▶ **WHAT YOU ARE ASKED TO DO**
Starting at the line with "Manufacturer Direct-selling Solar" and stopping at the final line, retype the data below exactly; do not carry over any pictures.
───── SOURCE MATERIAL ─────
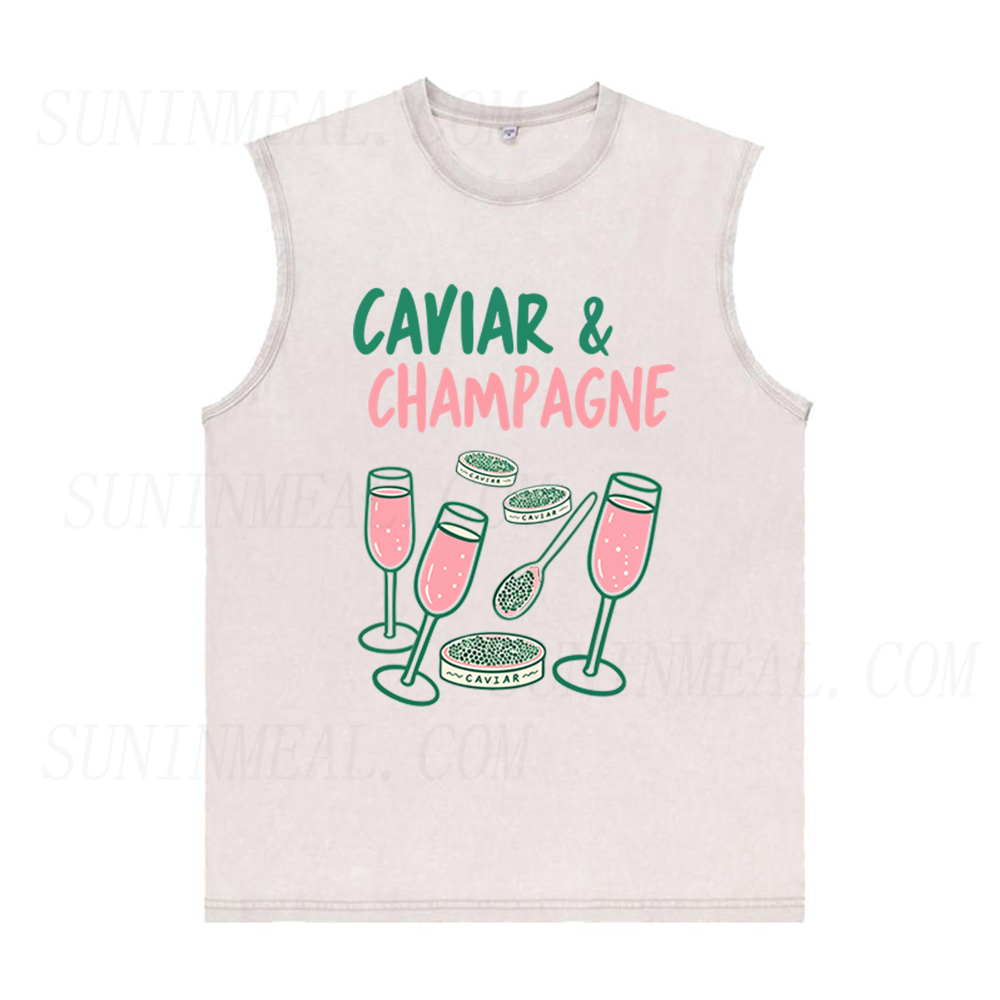 Caviar & Champagne Unisex Tank Top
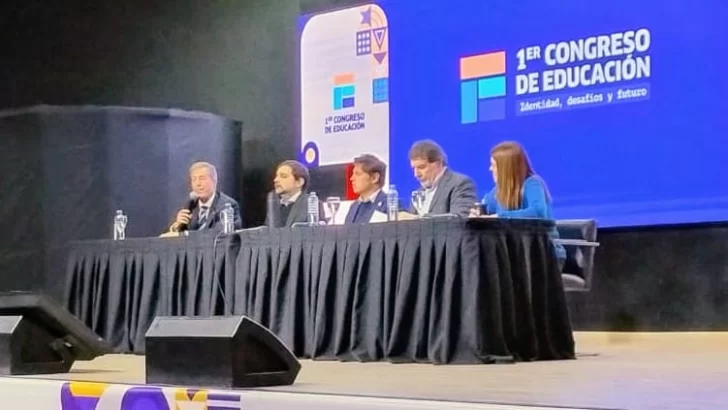 Con Andrea Cáceres, se lanzó el primer Congreso de Educación en San Martín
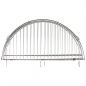 Preview: Grillrost Rund mit Kette und klappbar ca. 46,8 cm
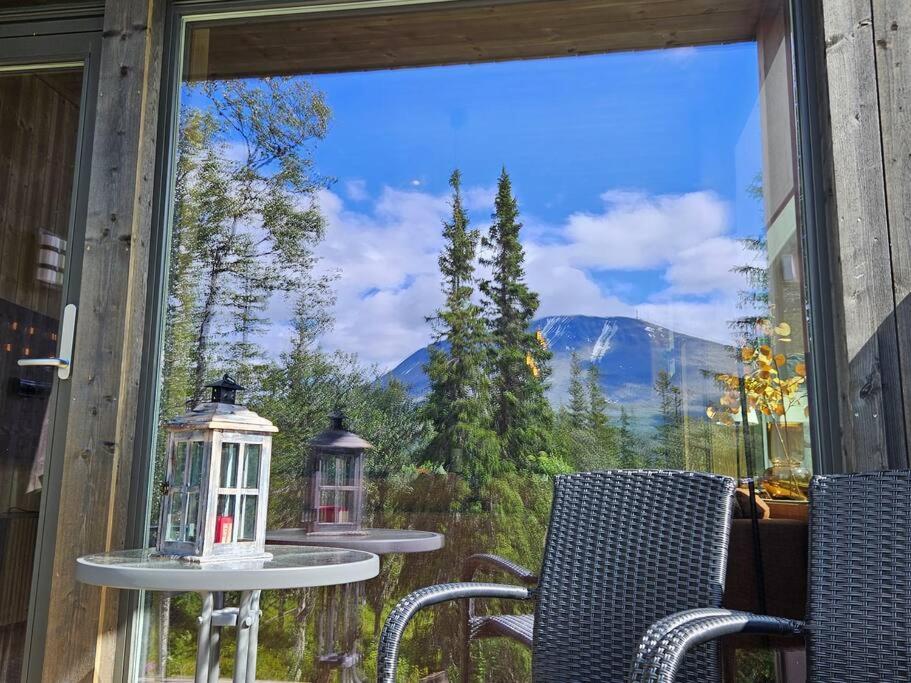Ny Leilighet Med Flott Utsikt Til Gaustatoppen Rjukan Kültér fotó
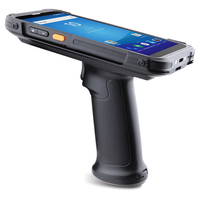 Lector de código de barras resistente 2d QR, lector de código de barras RFID de mano, android 11, coleccionistas de datos, industrial, Pda 1D 2D, RFID UHF, TCS1, pdas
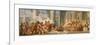 The Arrival of Aeneas in Carthage, 1772-4-Jean Bernard Restout-Framed Premium Giclee Print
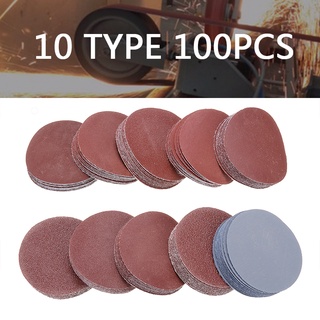 Bộ 100 miếng giấy nhám tròn 2" 50mm 80-3000grit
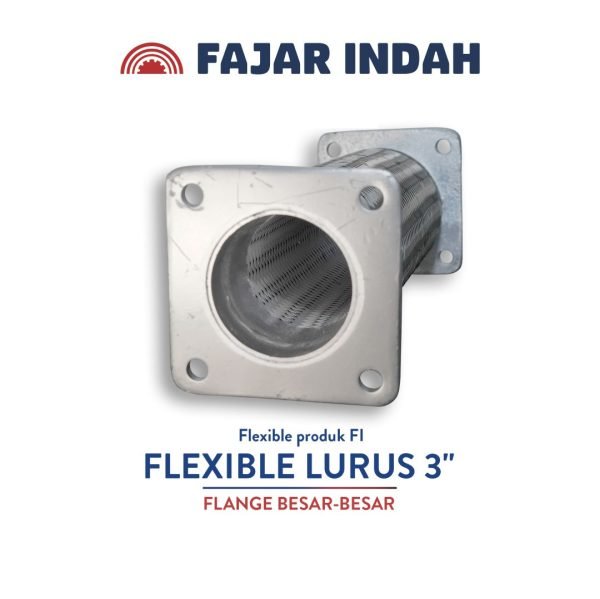 flexible lurus 3 inci flange besar besar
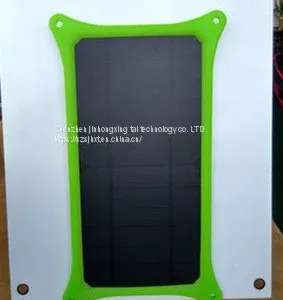 Manufacturer Direct-selling Solar Charging Board Outdoor Emergency Mobile Phone Charger Single Crystal Laminated Solar p thumbnail-4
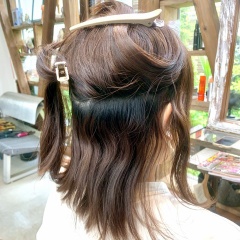 ネオメテオストレート( 縮毛矯正 )&リタッチ( カラー )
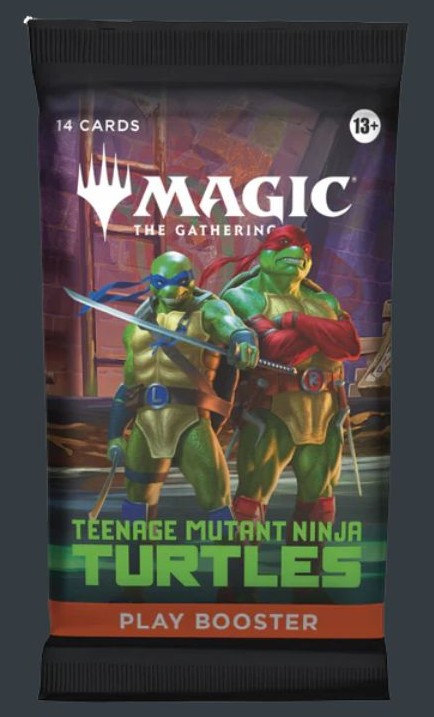 Magic The Gathering Teenage Mutant Ninja Turtles Play Booster med Leonardo och Raphael på framsidan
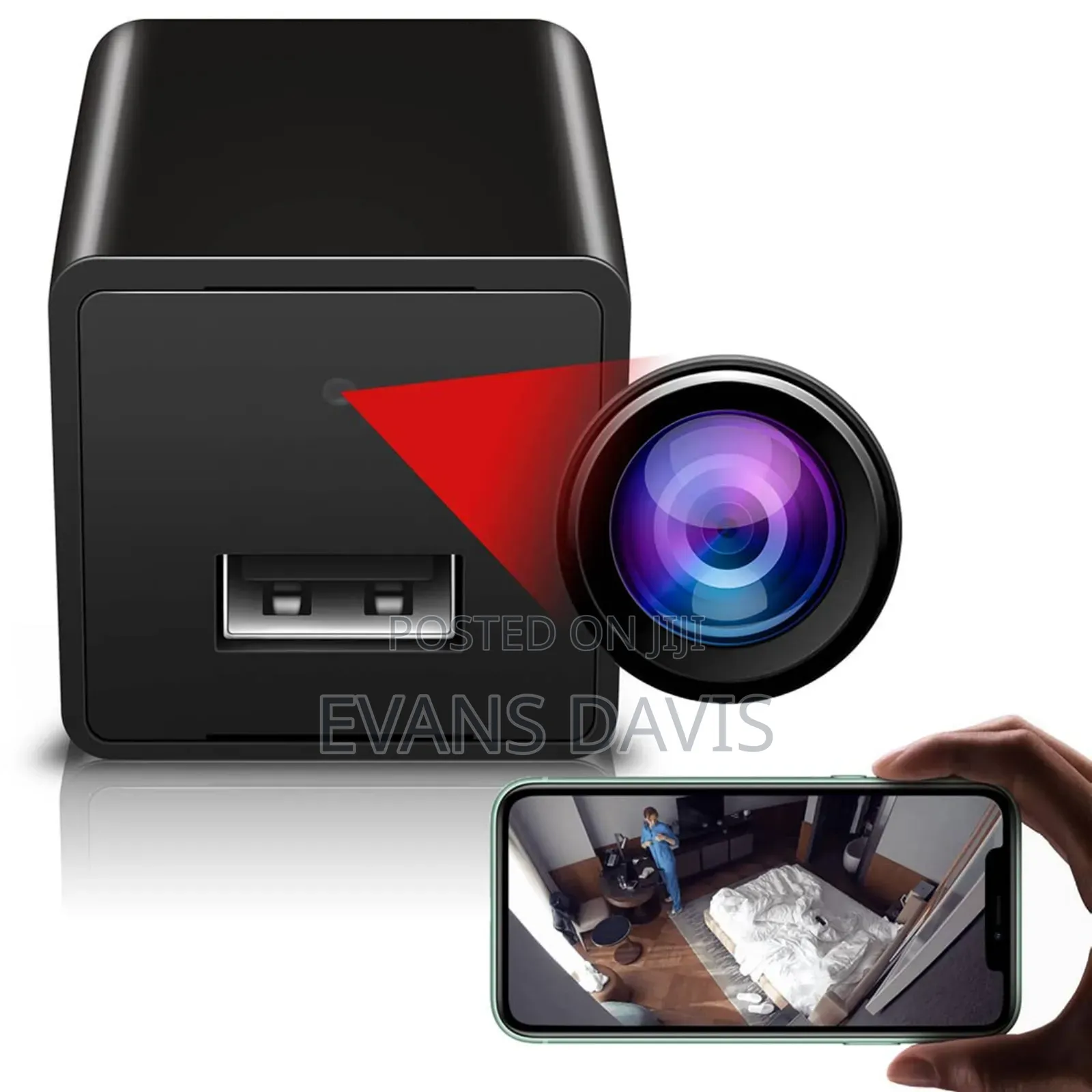 WIFI/ Remote View Spy USB Charger Camera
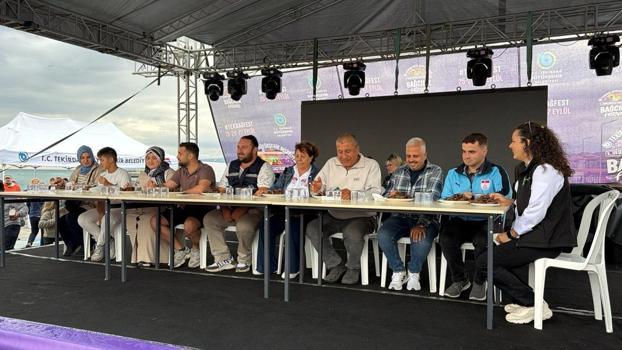 'Tekirdağ Gastronomi ve Bağcılık Festivali'nde köfte yeme yarışması yapıldı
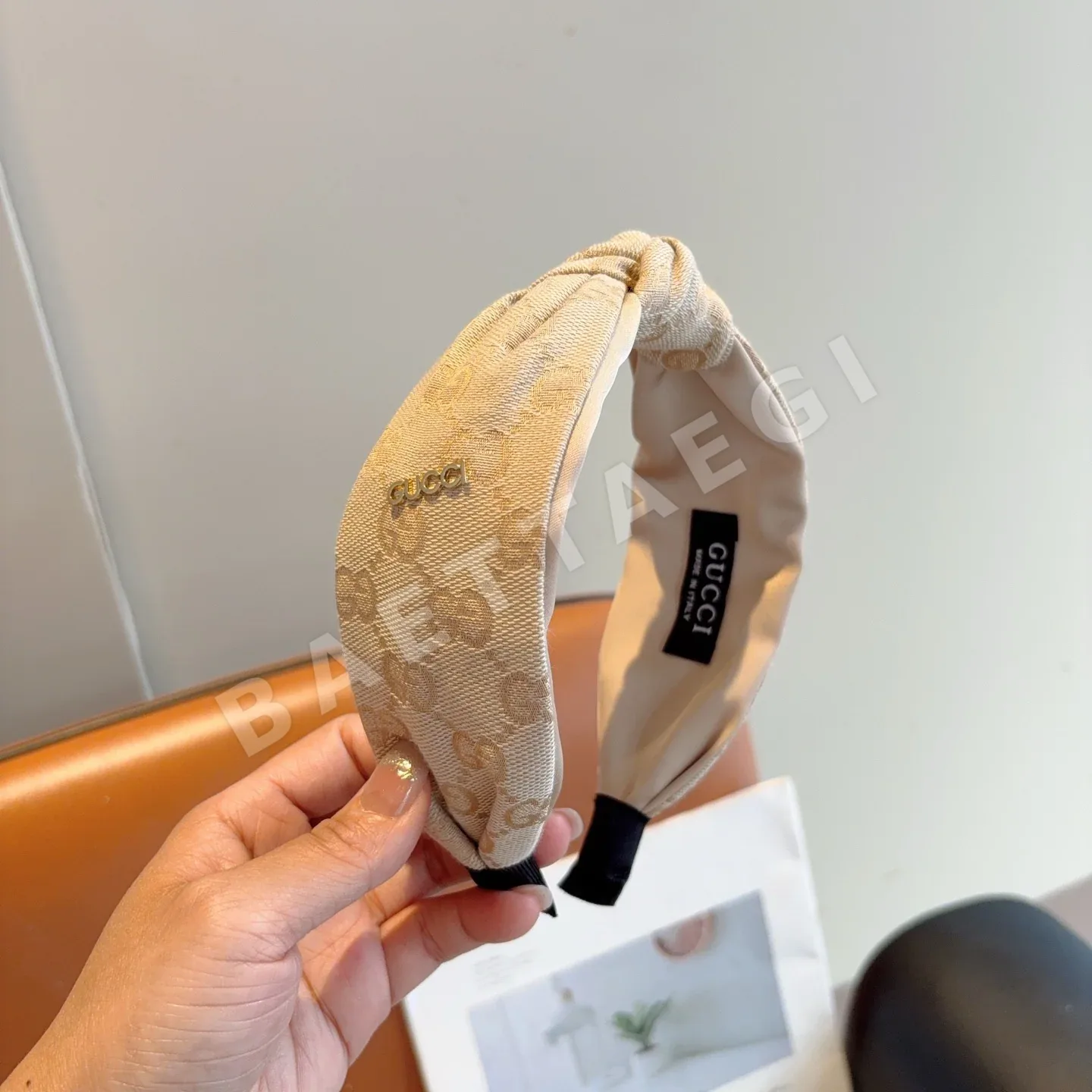 구찌 모노그램 와이드 헤드밴드 헤어악세 상세 이미지 4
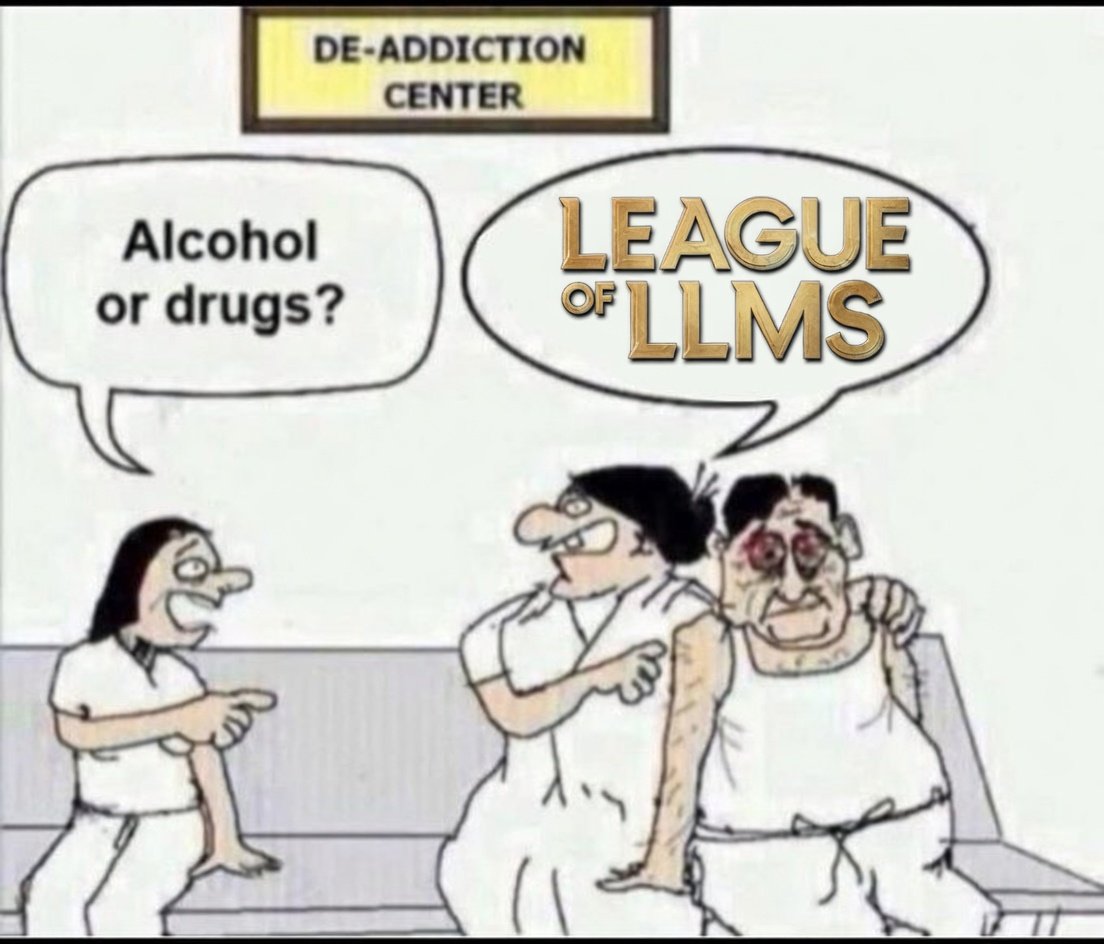 League of LLMs tweet media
─────
▶ **ANSWER SPACE**
 Manufacturer Direct-selling Solar Charging Board Outdoor Emergency Mobile Phone Charger Single Crystal Laminated Solar p thumbnail-4
 ネオメテオストレート( 縮毛矯正 )&リタッチ( カラー )
 Magic The Gathering Teenage Mutant Ninja Turtles Play Booster med Leonardo och Raphael på framsidan
 WIFI/ Remote View Spy USB Charger Camera
 'Tekirdağ Gastronomi ve Bağcılık Festivali'nde köfte yeme yarışması yapıldı
 구찌 모노그램 와이드 헤드밴드 헤어악세 상세 이미지 4
 League of LLMs tweet media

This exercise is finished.